Funny to see Ubuntu offering "upgraded services" in the same vein.


Hilarious that this happens. Oftentimes when you do something in a traditional IT environment it takes ages to install software (ie, configuring a Windows server with AD and all the related stuff), requires multiple reboots after setting hostname etc. It truly takes ages, lots of progress bars and waiting and making coffee. Meanwhile in an OSS/Linux environment a lot of things are truly trivial and instantaneous to a point where sometimes you gotta ask yourself "was that it?"

Perception of value is an interesting thing.


This is mostly caused by the Windows-induced impression of what "installing" software means.

Most normal users would not describe unpacking a Zip into a directory as "installing" - yet that's exactly what it is everywhere except Windows. Sometimes the unpacking isn't even necessary...

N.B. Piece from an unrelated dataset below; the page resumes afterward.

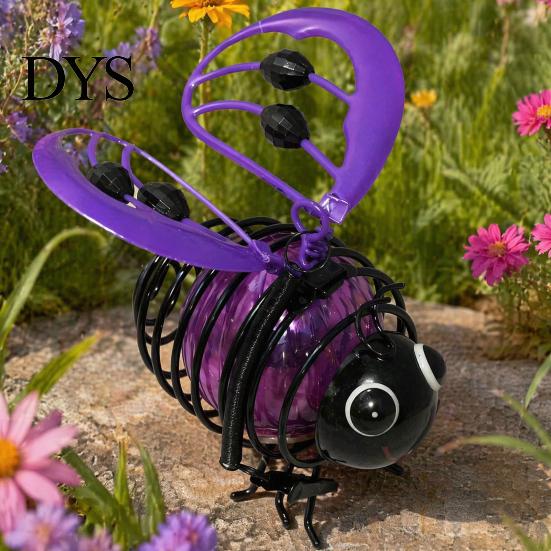 Solar Powered Outdoor Bee Lights Garden Light, Solar-Powered Metal Lantern, Waterproof Pastoral Style Backyard Illumination Hanging Light for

Windows packages usually also require strange and disparate updates to the registry database.


I legitimately cannot take anyone seriously who claims to be a windows power user. It is a dumpster fire of an operating system.


Have you used powershell?

Of course it’s available on all OSes right now, but Windows has had incredible programmability (not comparable to Linux, but superior to MacOS), and since Powershell probably has a much more powerful scripting story than any other OS.

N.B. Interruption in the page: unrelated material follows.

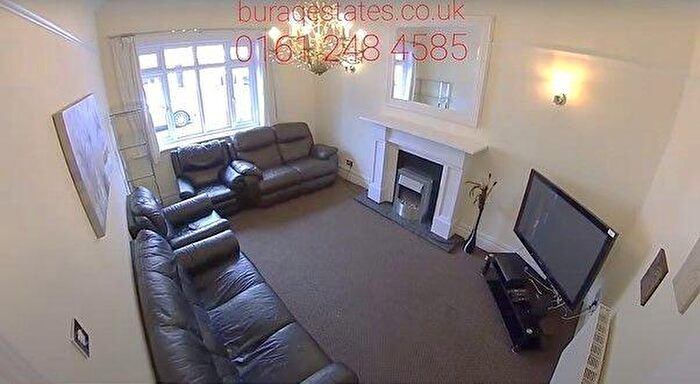 7 Bedroom House To Rent In Kingswood Road, Manchester, M14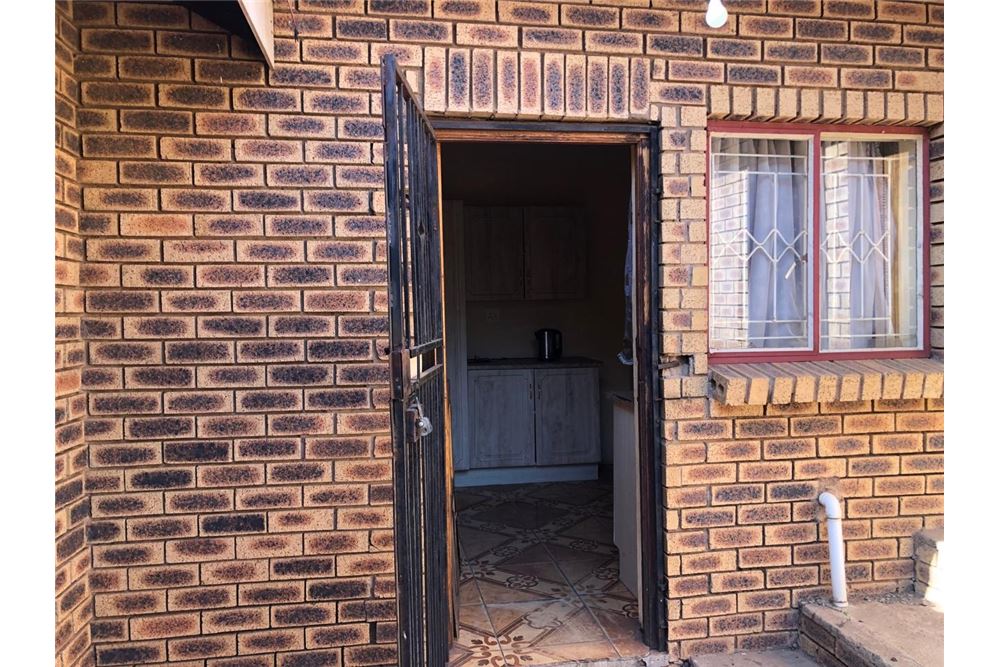 Residential - House - Mabopane, Gauteng - South Africa - 13 - 1031414106-218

The ability to write quick scripts in Powershell, but also tap into C#, it’s massive standard library of code, and all the many 3rd party libraries and commingle that almost seamlessly with Powershell is tremendous.

Finally, Windows had probably the best toolkits to whip up a quick and dirty UI for anything you wanted to do with WinForms (name?) which was more powerful and yet quick and easy to use relative to any other toolkit on any other platform.

Unfortunately, what Windows has gained on the command line it appears to have lost in creating GUI driven scripts.


> Finally, Windows had probably the best toolkits to whip up a quick and dirty UI for anything you wanted to do

There was a TCL for Windows?

https://en.wikipedia.org/wiki/Tcl


Maybe from a purely technical perspective. Windows can be made to do just about anything, has the most tools and the most support. A power user should care most about getting work done. If they care more about how they got it done than what they got done, that's called a hobbyist.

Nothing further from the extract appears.